Material supplied ▸
########

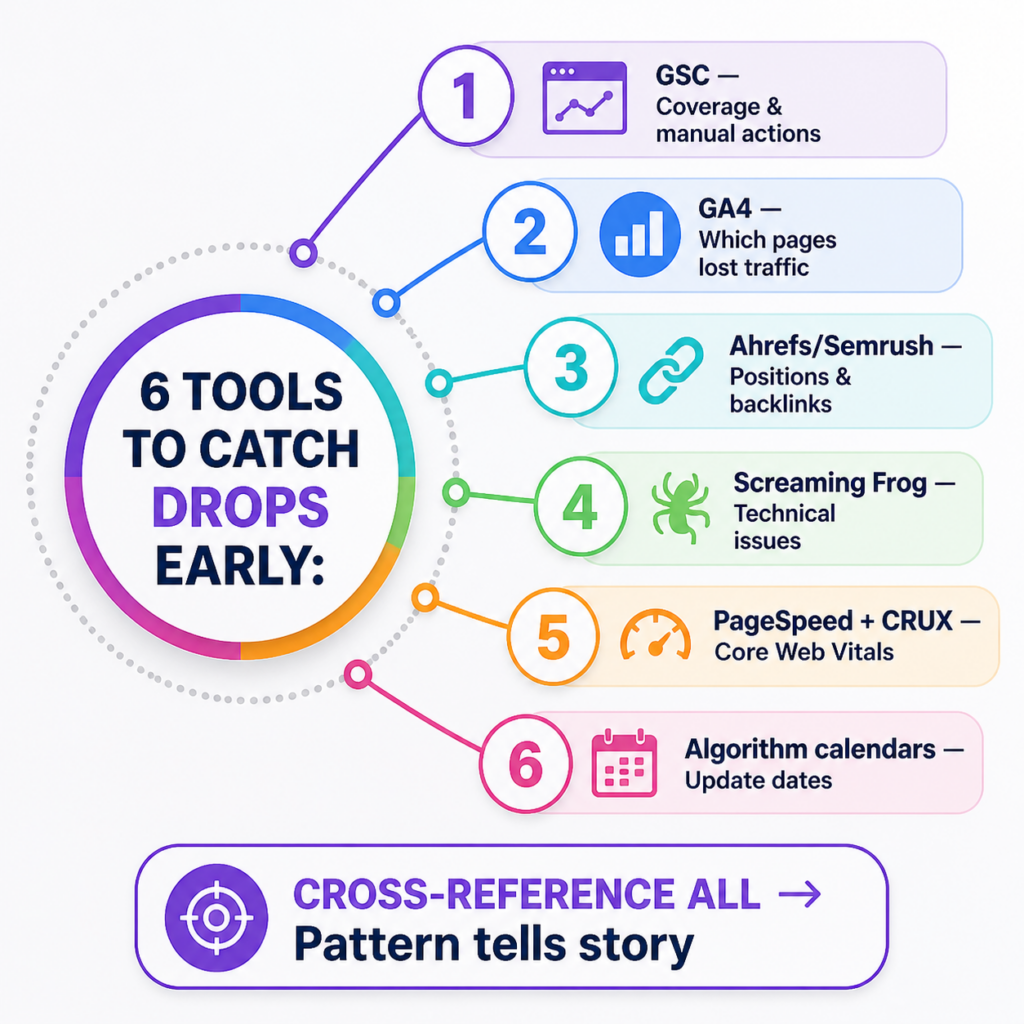 Tools to Detect a Ranking Drop Before It Becomes a Crisis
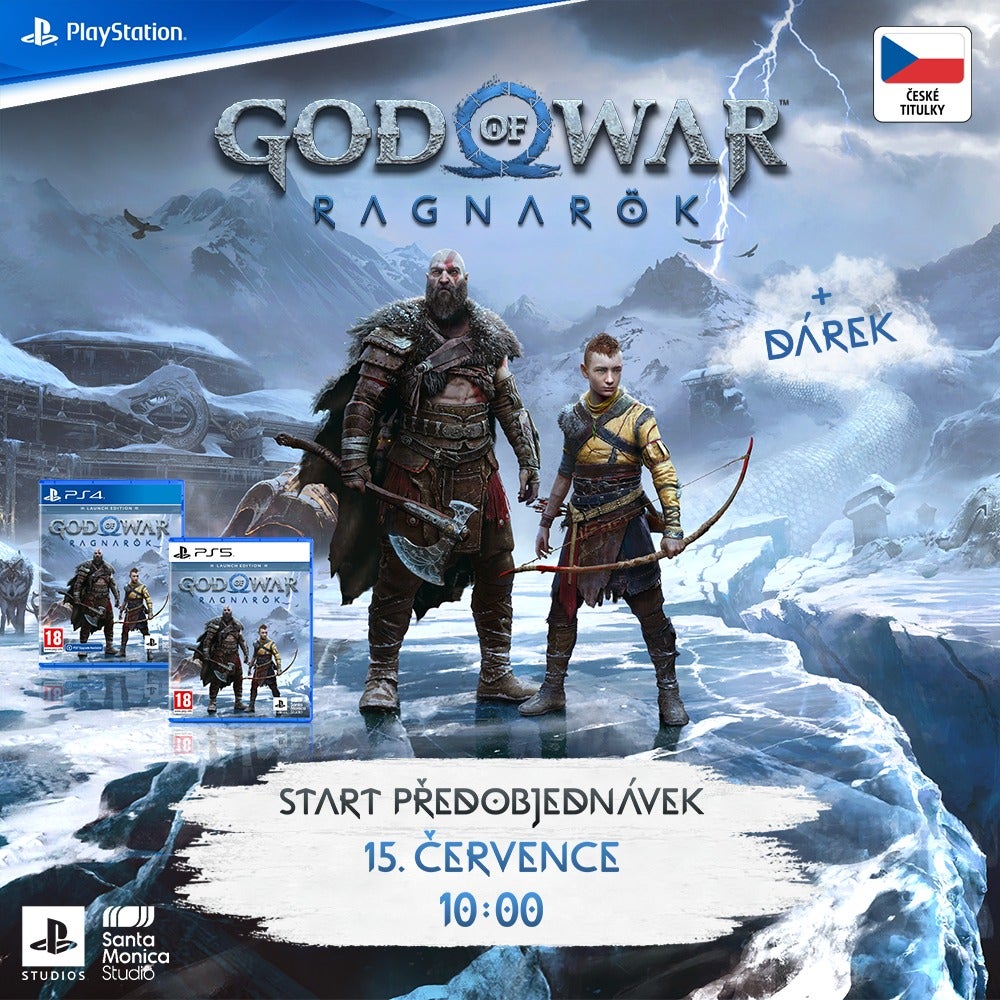 Image for Technikálie God of War Ragnarok a start předobjednávek
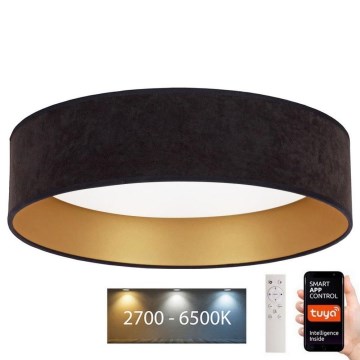 Brilagi - LED Dimmable ceiling light VELVET SMART LED/36W/230V d. 55 cm 2700-6500K Wi-Fi Tuya black/gold + remote control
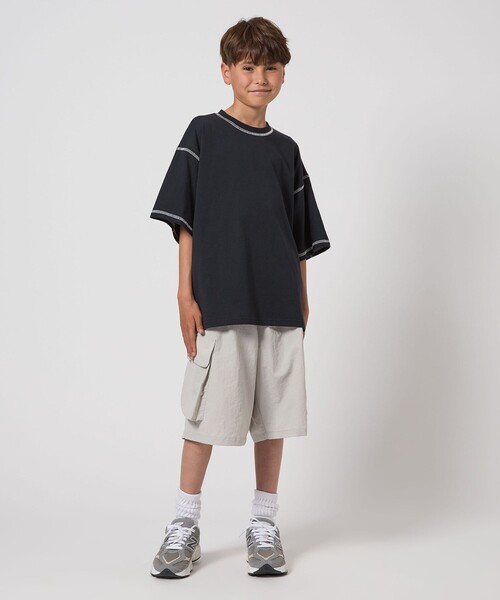 green label relaxing(グリーンレーベルリラクシング)の「【スタメンシリーズ】シャカシャカ ショートパンツ / キッズ 100cm-160cm(その他パンツ・キッズ・ネイビー/ライトグレー/ターコイズブルー/ダークグレー/ケリーグリーン・100cm/110cm/120cm/160cm/150cm/140cm/130cm)」の18枚目の写真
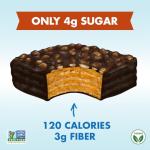 Rip Van Keto Wafer Cookies - Healthy Snacks - Non GMO Snack - Keto Snacks - Low Carb, Low Sugar (2g), Low Calorie and Vegan Snack - 16 Count (Dark Chocolate Peanut Butter)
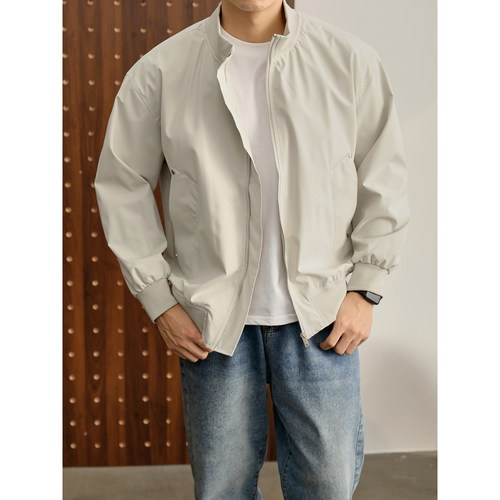 LUUD Cityboy户外防风冲锋衣立领外套男款潮流运动飞行员工装夹克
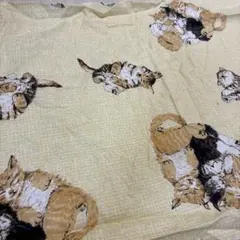 レトロアニマル生地レトロ猫生地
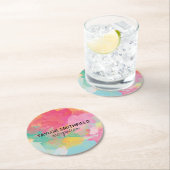 Verf Splatter Ronde Kartonnen Onderzetter (Insitu)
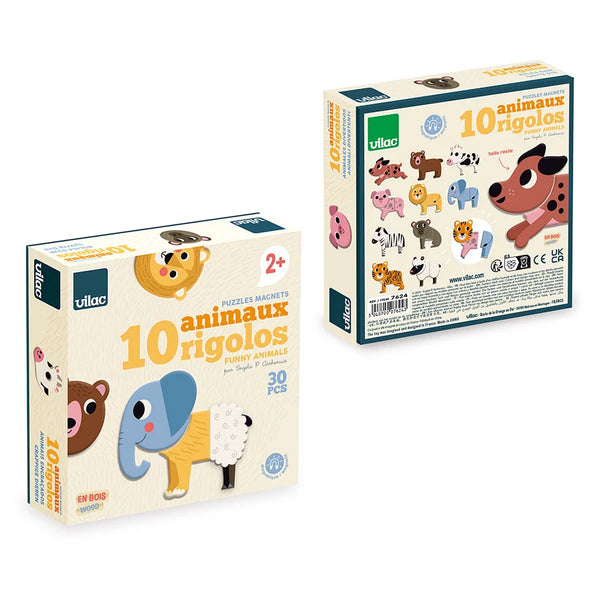 Vilac | Mix and Match Animal Magnets by Ingela P. Arrhenius
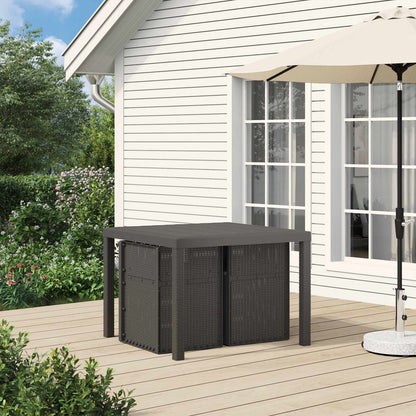 vidaXL Garden Dining Chairs 2 pcs Light Grey PP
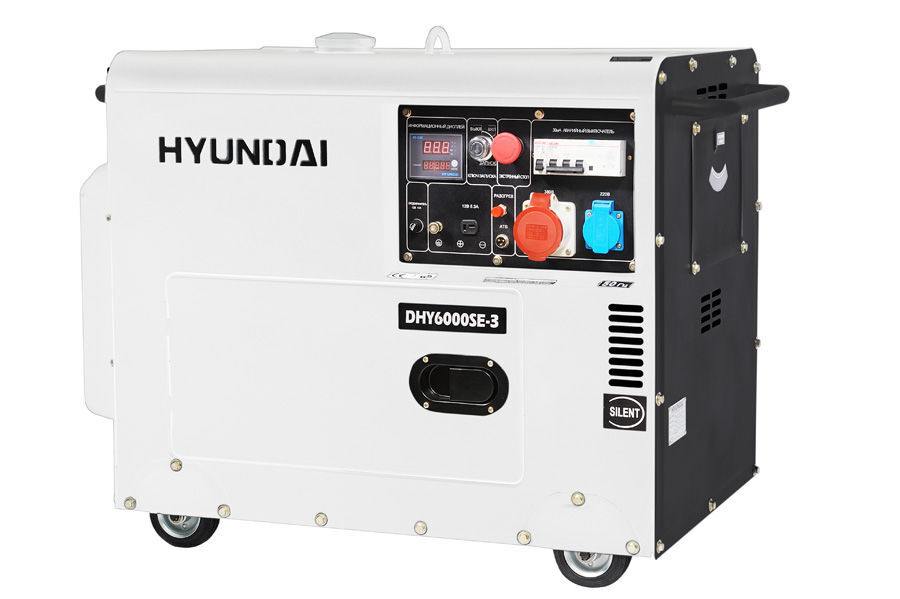 Дизельный генератор HYUNDAI DHY 6000SE-3 1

########

Task ▸
Please set down the data above exactly as given, leaving every picture out.

Response to this exercise ▸
 Tools to Detect a Ranking Drop Before It Becomes a Crisis
 Image for Technikálie God of War Ragnarok a start předobjednávek
 Brilagi - LED Dimmable ceiling light VELVET SMART LED/36W/230V d. 55 cm 2700-6500K Wi-Fi Tuya black/gold + remote control
 green label relaxing(グリーンレーベルリラクシング)の「【スタメンシリーズ】シャカシャカ ショートパンツ / キッズ 100cm-160cm(その他パンツ・キッズ・ネイビー/ライトグレー/ターコイズブルー/ダークグレー/ケリーグリーン・100cm/110cm/120cm/160cm/150cm/140cm/130cm)」の18枚目の写真
 Rip Van Keto Wafer Cookies - Healthy Snacks - Non GMO Snack - Keto Snacks - Low Carb, Low Sugar (2g), Low Calorie and Vegan Snack - 16 Count (Dark Chocolate Peanut Butter)
 LUUD Cityboy户外防风冲锋衣立领外套男款潮流运动飞行员工装夹克
 レトロアニマル生地レトロ猫生地
 Verf Splatter Ronde Kartonnen Onderzetter (Insitu)
 Vilac | Mix and Match Animal Magnets by Ingela P. Arrhenius
 vidaXL Garden Dining Chairs 2 pcs Light Grey PP
 Дизельный генератор HYUNDAI DHY 6000SE-3 1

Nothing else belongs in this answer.